Material provided
◇ ◇ ◇
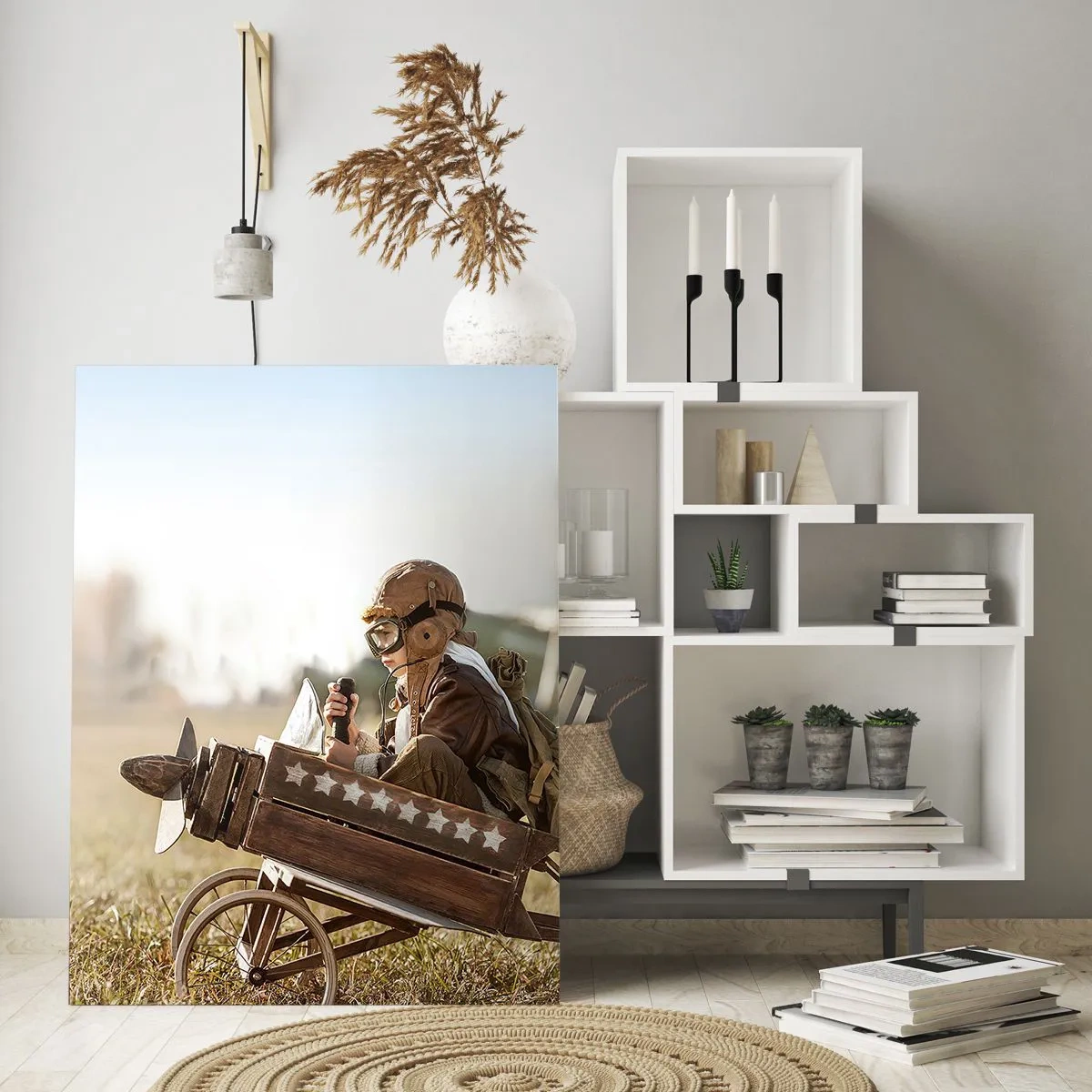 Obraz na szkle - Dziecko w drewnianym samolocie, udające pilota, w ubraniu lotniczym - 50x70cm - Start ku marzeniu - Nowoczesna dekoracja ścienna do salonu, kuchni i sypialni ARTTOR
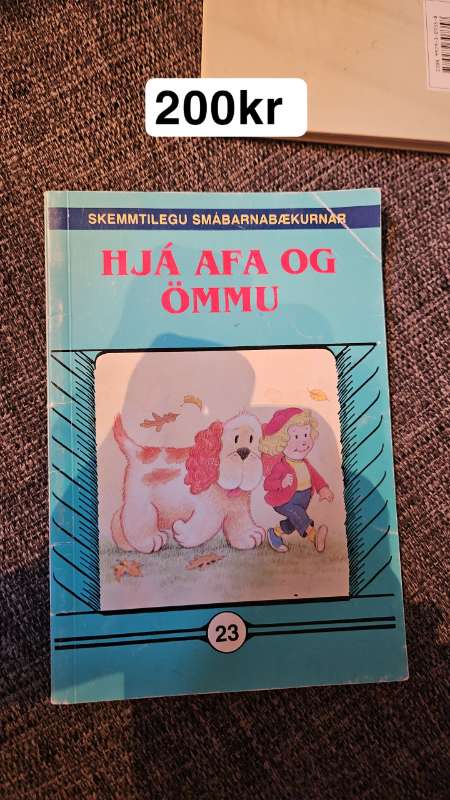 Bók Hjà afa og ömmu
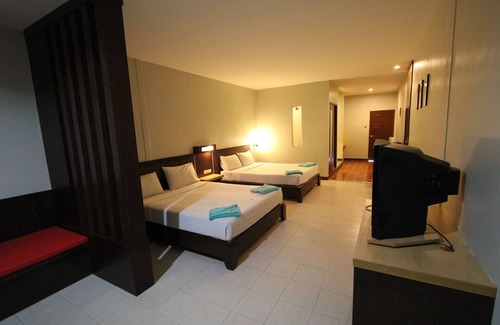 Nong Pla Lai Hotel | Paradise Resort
◇ ◇ ◇
Everything in the listing should be copied exactly, apart from the images it holds.

 Obraz na szkle - Dziecko w drewnianym samolocie, udające pilota, w ubraniu lotniczym - 50x70cm - Start ku marzeniu - Nowoczesna dekoracja ścienna do salonu, kuchni i sypialni ARTTOR
 Bók Hjà afa og ömmu
 Nong Pla Lai Hotel | Paradise Resort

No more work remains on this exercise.